I used breasts and thighs, but Mom used a cut-up entire chicken, since everyone had their favorite pieces. You choose what fits your needs, just be sure that all pieces are ON the bone. Boneless breasts or thighs will dry out too quickly, and not be as moist and tender as with the bone. Hope you’ll try this “One-Dish” meal. Saves time, saves work, saves you!!

Ingredients:

1 Chicken, cut-up or a few Breasts and Thighs. All are with bone.
1 lb Italian Sweet Sausage or Hot Sausage, or mix the dish with some of each…Make sure the butcher tells you they’re gluten free.
2 Red Bell Peppers. Seeded and cut into strips (You can use yellow, orange, red, whatever you like)
4 or 5 Medium sized Potatoes. I used Yukon Golds. In the past I’ve used 2 lg. Idaho. Peel, then cut up into 1 ½ to 2 in. cubes.
¼ cup Canola or Vegetable Oil
Juice from ½ Navel Orange
Salt & Pepper to taste
Several Fresh Parsley Leaves, minced. ( or ¼ tsp. Dried)

Directions:

Preheat oven to 350 degrees.

Wash all of the ingredients. Prepare them all before combining in the pan, since they all go into the oven at the same time.
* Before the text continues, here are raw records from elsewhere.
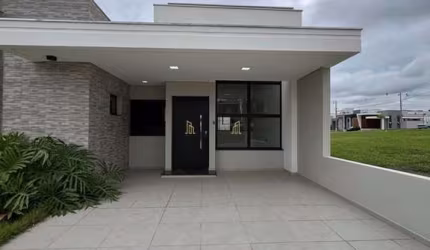 Casa com 3 dormitórios à venda, 104 m² por R$ 615.000,00 - Condomínio Villaggio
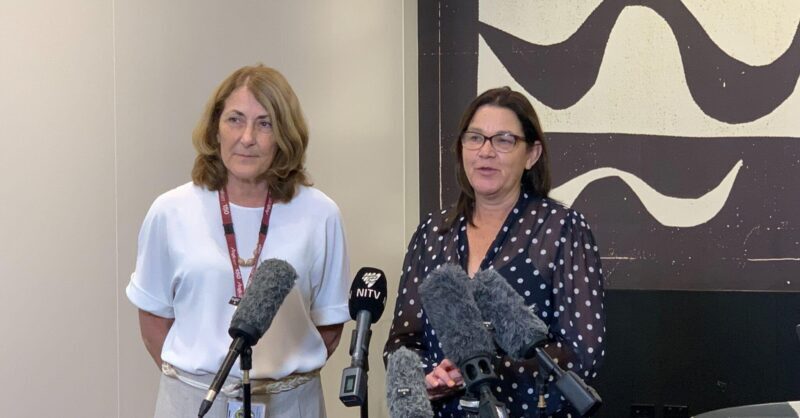 Two women stand in front of microphones at a press event focused on social justice. One wears a white blouse and lanyard, the other wears glasses and a dark polka dot blouse. Abstract art hangs on the wall behind them.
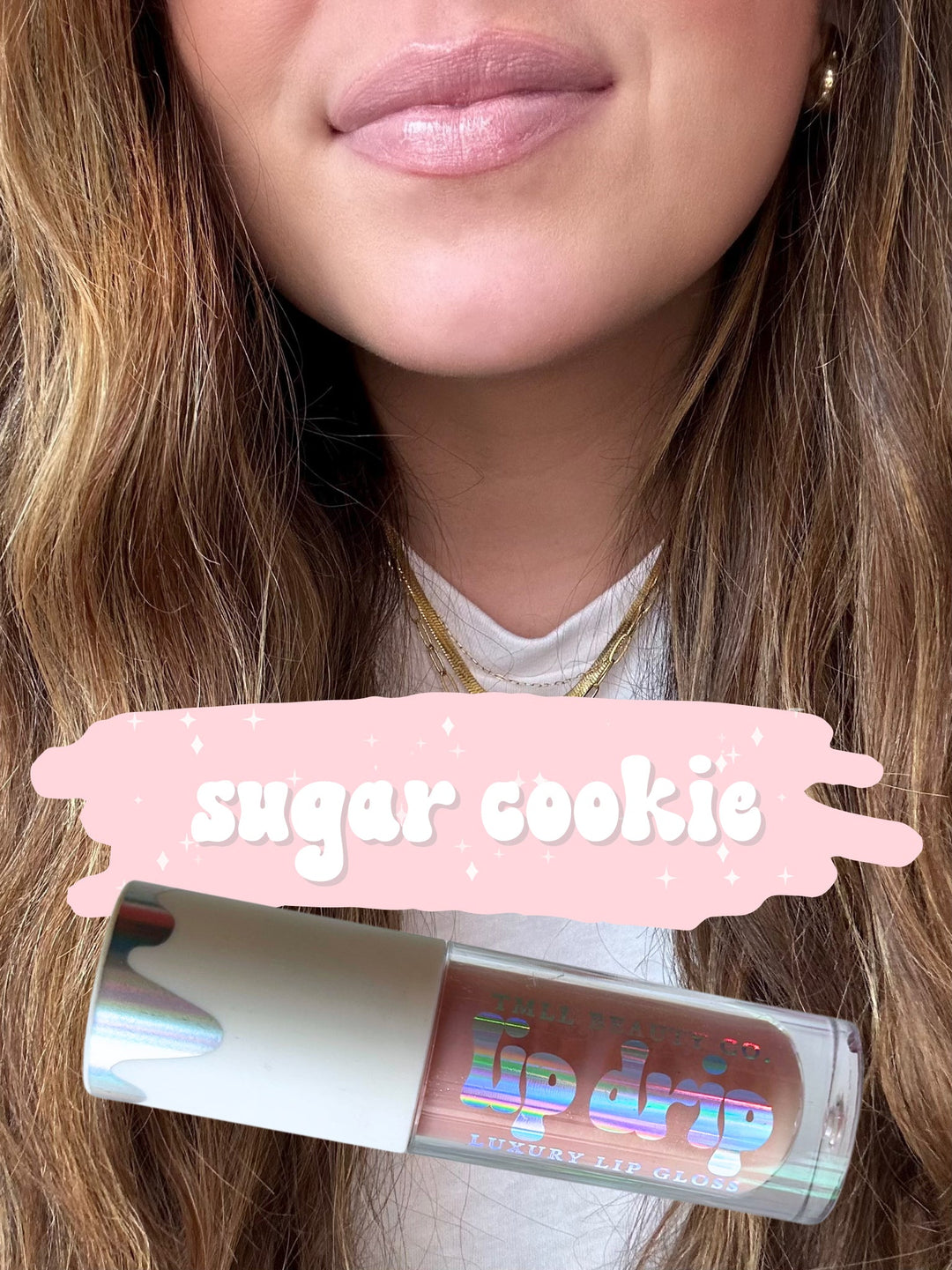 TMLL Beauty Co. Lip Drip Luxury Lip Gloss in Sugar Cookie — a sheer nude-pink shade shown on lips with holographic tube below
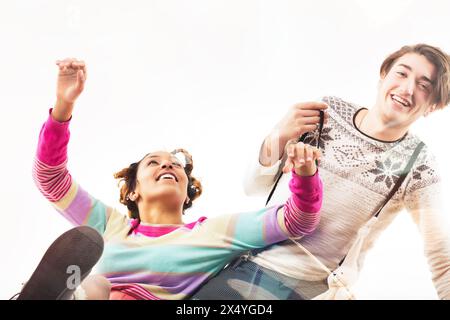 Esuberante giovane coppia a metà salto, sorridente e vestita coloratamente in una festa vivace Foto Stock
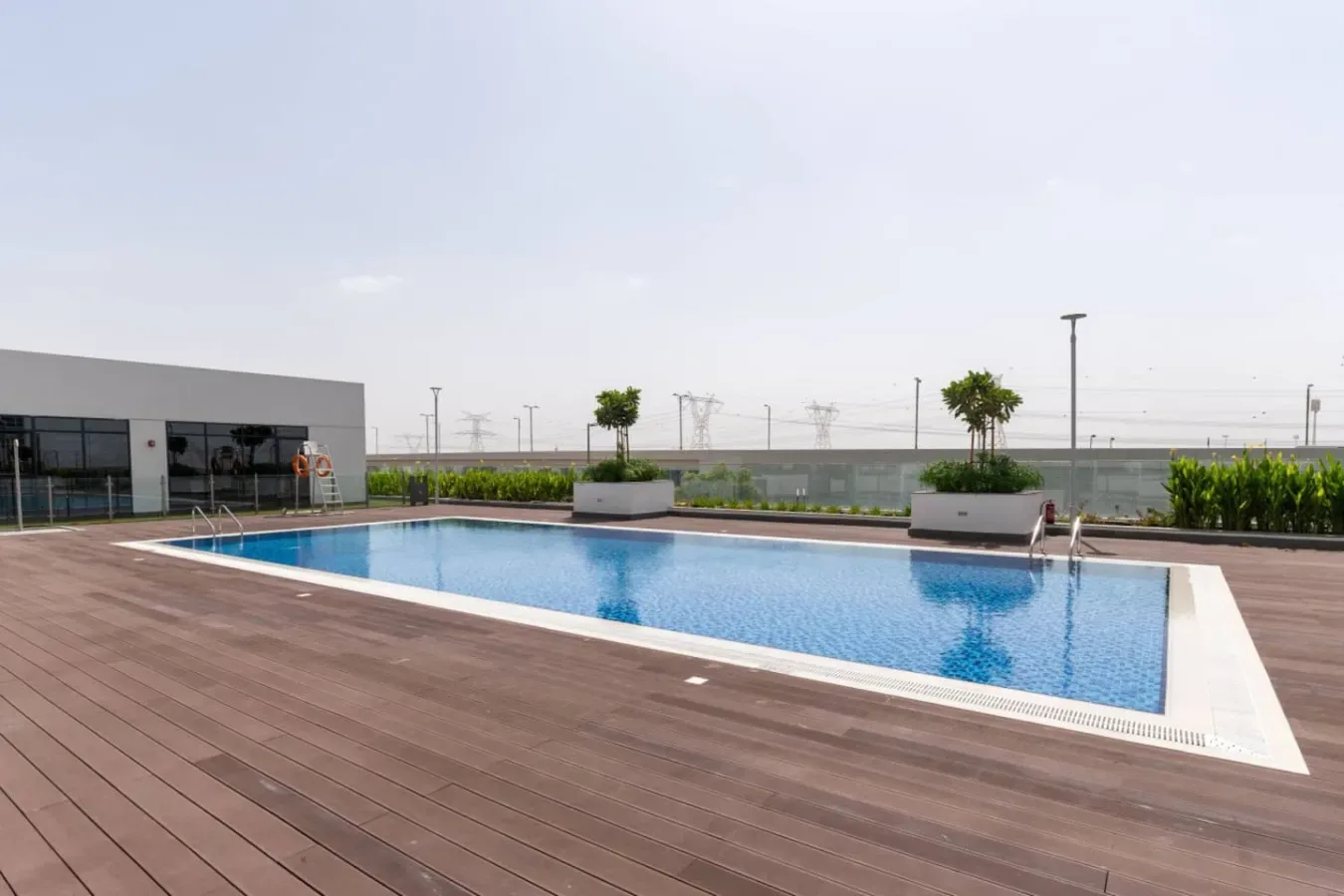 Una piscina al aire libre está junto a una amplia terraza de madera.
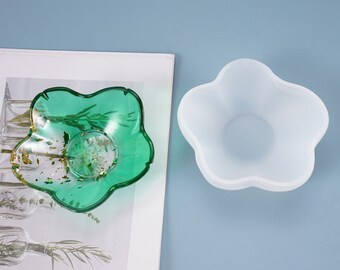 May include: A green resin flower-shaped dish with gold flakes inside. A white silicone mold of the same shape is shown next to it.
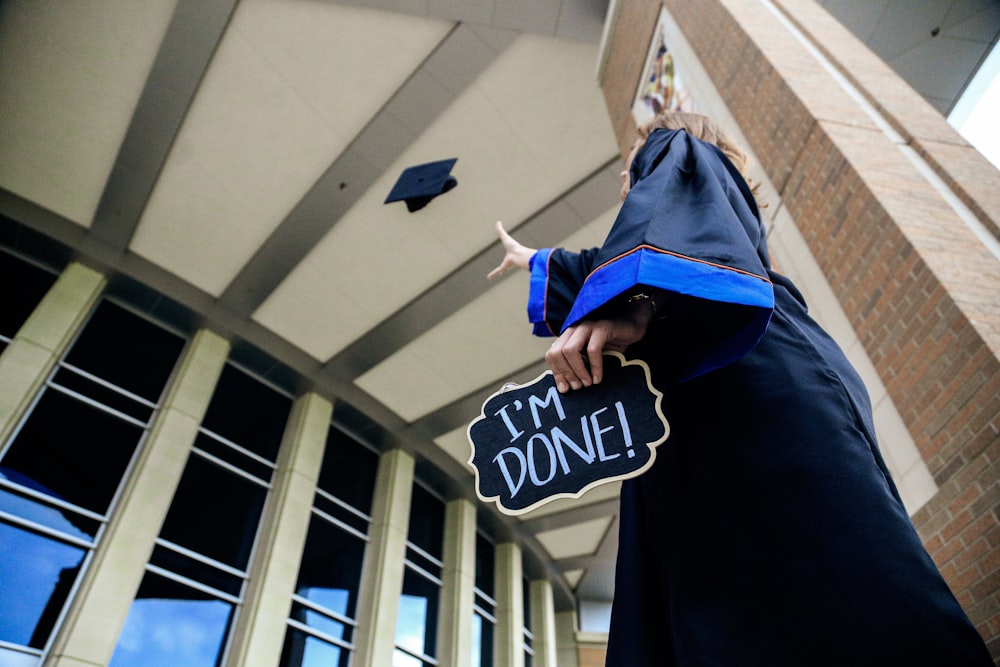 low angle photo of woman standing and holding I'm done signage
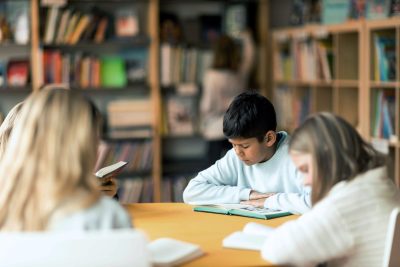 Elever på Noblaskolan sitter i skolbiblioteket och läser.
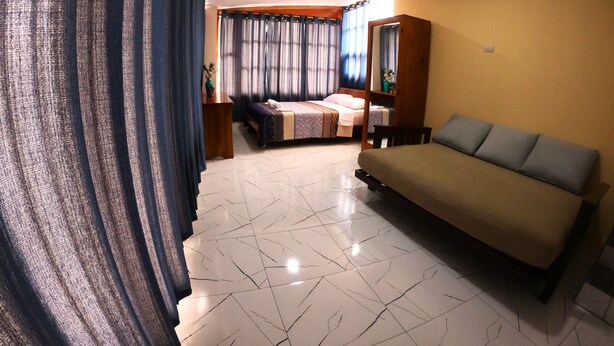 Een hotelkamer met een bank, een bed, een eettafeltje en een spiegel.
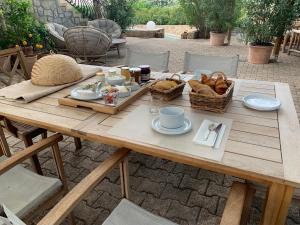a wooden table with food on top of it at Villa San Marco chambre d hôtes in Lorgues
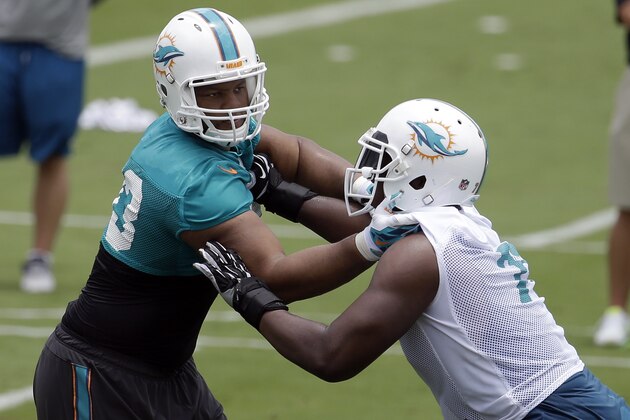 Miami Dolphins defensive tackle Ndamukong Suh, left, works on a drill with Ja'Wuan James (70) during an NFL football organized team activity, Monday, June 8, 2015, in Davie, Fla. (AP Photo/Lynne Sladky)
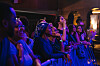 In a dark theater, several people stand in the front row at a concert, facing the stage, smiling or singing along.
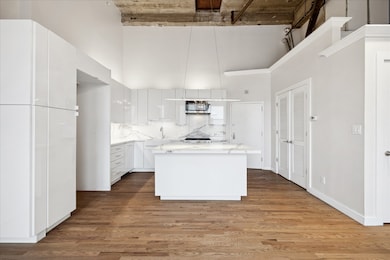 Modern kitchen with sleek white cabinetry, a central island, and stainless-steel appliances. Double doors pictured right, utility room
Place the oil in the bottom of the roasting pan, and then add the orange juice and spices. Stir around to combine.

Scatter the different items in the pan so that they are touching different pieces as the flavors will all meld together and give you a very flavorful finished dish. Here’s a photo of what I mean!

Raw Chicken, Sausage Pan

Place in a preheated 350 degree oven. Then watch the clock, or set a timer ( I always have to do that…seems we get into doing some other chore and forget about that thing in the oven.) After ½ hr, turn over everything gently with a large spoon or fork.
Return to oven for 20 minutes more ( Oops! Set that timer again.)
And then remove to turn over the ingredients back to their original side for some color. Leave in for another 10 to 15 min.

Done! Plate up, and enjoy with a lovely salad, and perhaps a dilly roll or slice of G-F toasted, seasoned bread!